Vector Search¶

Vector search enables semantic queries over dataset records using embeddings. Instead of matching exact keywords, vector search finds records that are similar in meaning to a query -- powering RAG (Retrieval-Augmented Generation) pipelines, document retrieval, recommendation systems, and deduplication.

How Vector Search Works¶

graph LR
    Query["User Query<br/>'How do I reset my password?'"] --> Embed["Embedding Model<br/>text-embedding-3-small"]
    Embed --> Vector["Query Vector<br/>[0.12, -0.34, 0.56, ...]"]
    Vector --> Search["Vector Search<br/>(cosine similarity)"]
    Index["Vector Index<br/>(stored embeddings)"] --> Search
    Search --> Results["Top-K Results<br/>(nearest neighbors)"]

The user's query is converted to a vector using an embedding model
The vector is compared against stored embeddings using a distance metric
The most similar records are returned, ranked by distance

Embeddings¶

An embedding is a fixed-length array of numbers that represents the semantic meaning of text. Similar texts produce similar embeddings, which enables similarity-based retrieval.

Embedding Models¶

Manifest Platform supports embedding generation through the AI Gateway. Common models:

Model	Dimensions	Best For
`text-embedding-3-small`	1536	General-purpose, cost-effective
`text-embedding-3-large`	3072	Higher accuracy, larger index
`text-embedding-ada-002`	1536	Legacy compatibility

Model consistency

Always use the same embedding model for indexing and querying. Mixing models produces incompatible vectors and meaningless similarity scores.

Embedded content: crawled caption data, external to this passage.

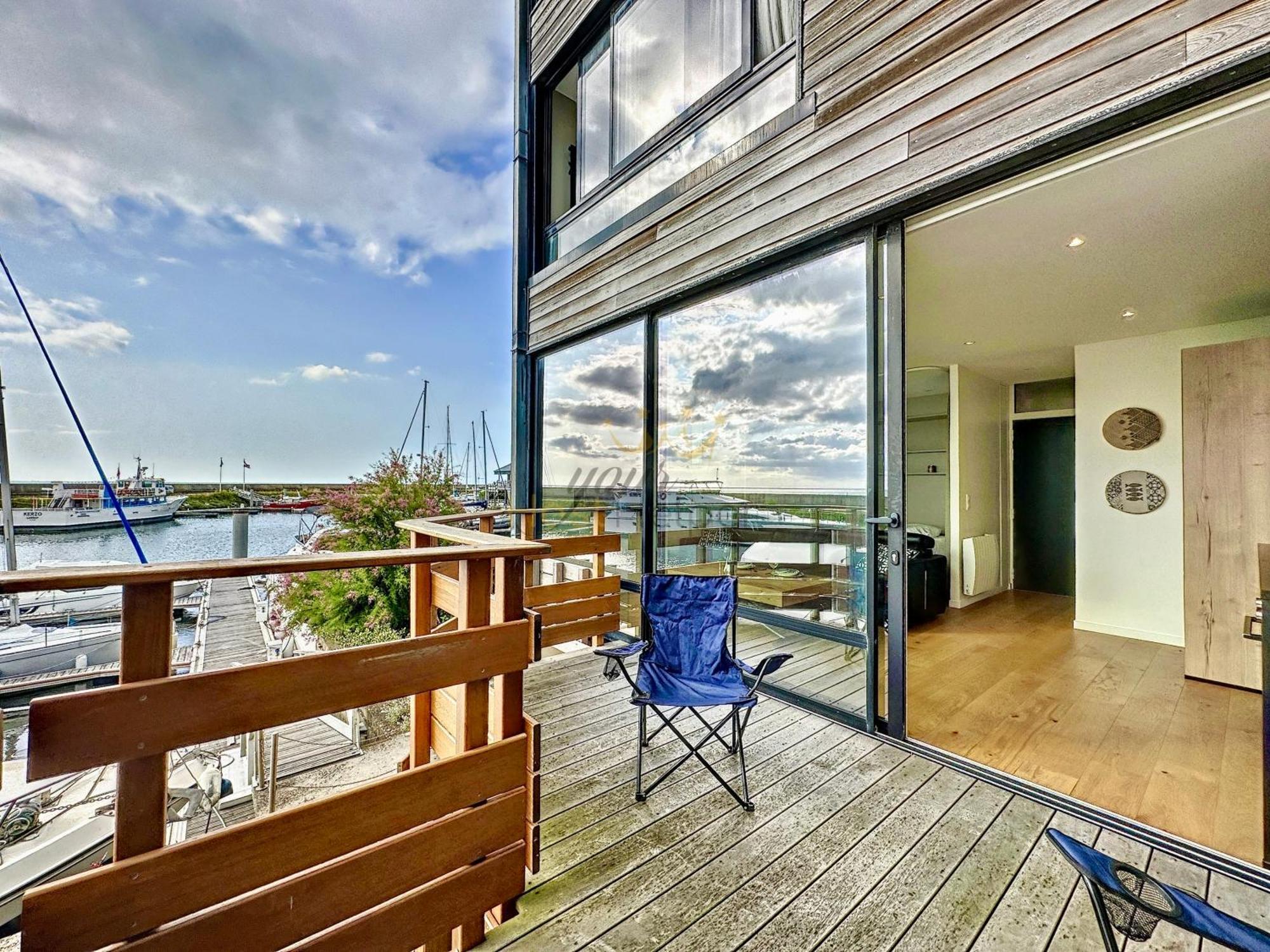 Le Yacht Yourhosthelper Deauville Dış mekan fotoğraf
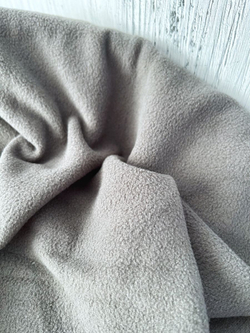 Флис ткань односторонний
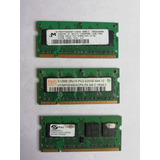 Memoria Ram Ddr2 4200u De 512 Mb Para Laptop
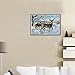 DIY 5D Diamond Painting by Number Kits , AMA(TM) Crystal Rhinestone Pasted Diamond Embroidery Cross Stitch Canvas Paintings Pictures Arts Craft for Home Wall Decor (D)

Creating Vector-Enabled Datasets¶

To use vector search, your dataset needs a column that stores embedding vectors. You can populate this column through connector sources or by generating embeddings from text fields.

Schema with Vector Field¶

Coming Soon

The Python SDK for local development is not yet publicly available.

from flow_sdk.cli_client import CLIClient

client = CLIClient(config)

dataset = client.datasets.create({
    "name": "Knowledge Base",
    "slug": "knowledge-base",
    "description": "Support articles with vector embeddings for semantic search",
    "tags": ["rag", "knowledge-base"],
})

# Note: Schema definitions (e.g., vector fields like "embedding: vector(1536)")
# are registered separately via the dataset schema API, not inline at creation time.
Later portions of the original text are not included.